Calvin opened a cupboard and rummaged around, selecting his least favourite cereal. He put it on the table and brought over a bowl, spoon and some powdered milk he’d mixed up the day before.

‘That’ll do for a start,’ said the man, pouring a mountain of flakes into the bowl, haphazardly sloshing milk over it, getting most on the table.

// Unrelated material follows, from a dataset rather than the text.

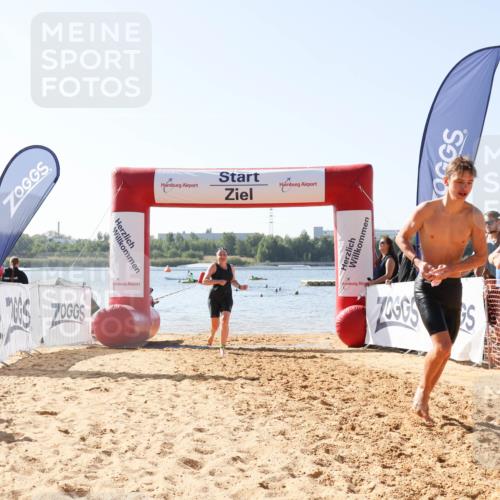 01.09.2024 - 17. Tribühne Triathlon Luisa Fischer http://msf.ph/oto/6926952 01.09.2024 11:01:22 Schwimmen 322, 350, 403 meine-sportfotos.de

‘That sign out front; what it say?’ the man asked.

‘You can’t read?’ Calvin replied.

‘Don’t get smart. Punks that get smart get hurt,’ the man said, through a mouthful of bran fibre.

‘It says: “Beware of the Bear”,’ Calvin muttered. The stranger sat at his table burst into gales of laughter. Cereal sprayed from his braying mouth, splattering the table and floor.

‘You are a funny little retard. I can tell your daddy sure did love his sister a whole lot. Do you have to concentrate much when you walk?’ The man tittered like a baby being tickled.

It seemed to Calvin that something might have broken up in the stranger’s head. He remembered Mrs Draper and hushed himself. No use arguing with crazy. You’d be a fool yourself to try, he thought.

Calvin poured a glass of bottled water for himself, and one for the stranger. His jaw clenched, and Calvin had to keep in mind to loosen it. He got the impression the stranger would notice any hostility, and might react in a way Calvin might not be best pleased with.

‘You seem pretty well stocked here,’ the man said, looking over the kitchen, his eyes covetous like a magpie’s. ‘I could get used to good living like this.’